Here’s the full list of media outlets who signed on to the letter:

ABC News
Agence France-Presse
American Society of News Editors
American Society of Media Photographers
Associated Press
Associated Press Media Editors
Associated Press Photo Managers
Association of Alternative Newsmedia
Association of Opinion Journalists
Bloomberg News
CBS News
CNN
Dow Jones & Company, Inc.
Fox News Channel
Gannett Co., Inc.
Getty Images
Lee Enterprises, Incorporated
The McClatchy Company
McClatchy-Tribune Information Services
National Press Club
National Press Photographers Association
NBC News
New England First Amendment Coalition
News Media Coalition
Newspaper Association of America
The New York Times Company
Online News Association
Professional Photographers of America
Radio Television Digital News Association
Regional Reporters Association
The Reporters Committee for Freedom of the Press
Reuters
Society of Professional Journalists
Tribune Company
The Washington Post
White House Correspondents’ Association
White House News Photographers Association
Yahoo! Inc.

Notice anyone missing there? Did MSNBC skip it, or are they covered under the umbrella of “NBC News”?

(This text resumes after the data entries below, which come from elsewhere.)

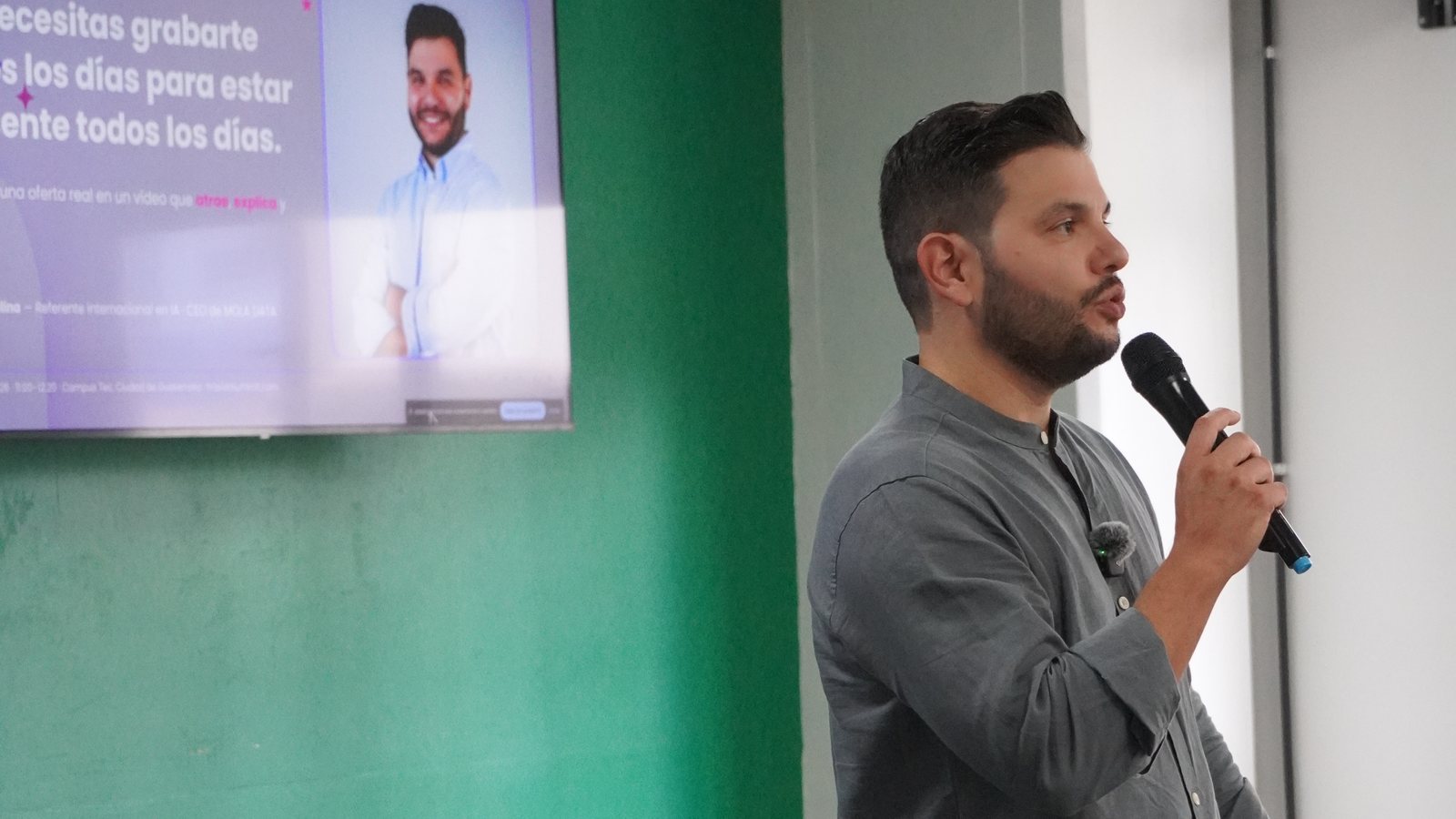 Ángel Molina durante una keynote de inteligencia artificial en TRAXION IA Edition, Campus Tec, Guatemala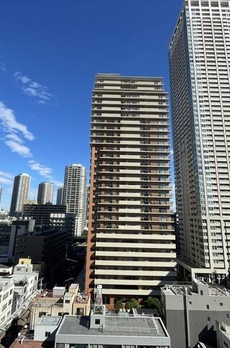 ＭＩＤ　ＴＯＷＥＲ　ＧＲＡＮＤ 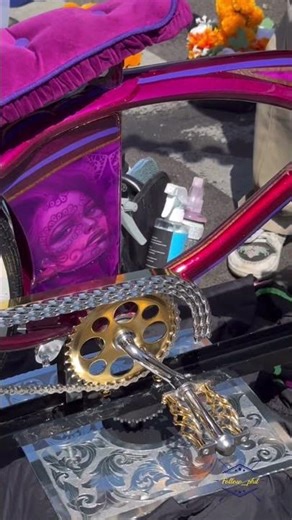 This vintage bike is absolutely insane #vintage #custom #bicycle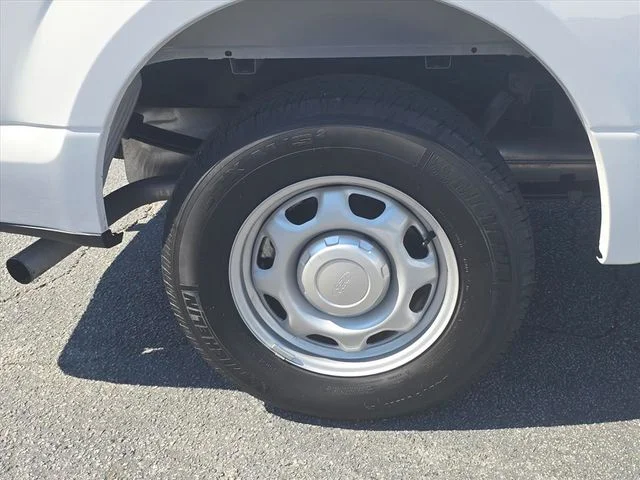 Used 2020 White Ford XL image 31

They do raise an interesting point as the letter continues. It’s not just a matter of the White House holding certain events which they define as “private” and barring access to photographers. (There are certainly some events, particularly those dealing with national security, where they might not want photos splashed all over the press.) What seems to really have put a bee in the media’s collective bonnet is when Obama shuts their photographers out of these “private” events, but then immediately takes their own pictures and sends them out on Twitter and posts them on the official White House web site. The photo above is one example of that, being an official White House picture of their own. It’s not hard to see why that one comes off as a bit of a middle finger salute to those doing the complaining.

There is little doubt at this point that the Obama administration has been one of the most closely and carefully managed media operations in the nation’s history. They don’t just try to control the carefully crafted message and talking points – with harsh penalties for those who express any independent thoughts or opinions – but they also work to lock down every image which the public gets to see. It’s all part of the packaging and selling of the world changing, transformative, historic presidency unfolding before our eyes. Or at least what we’re allowed to see.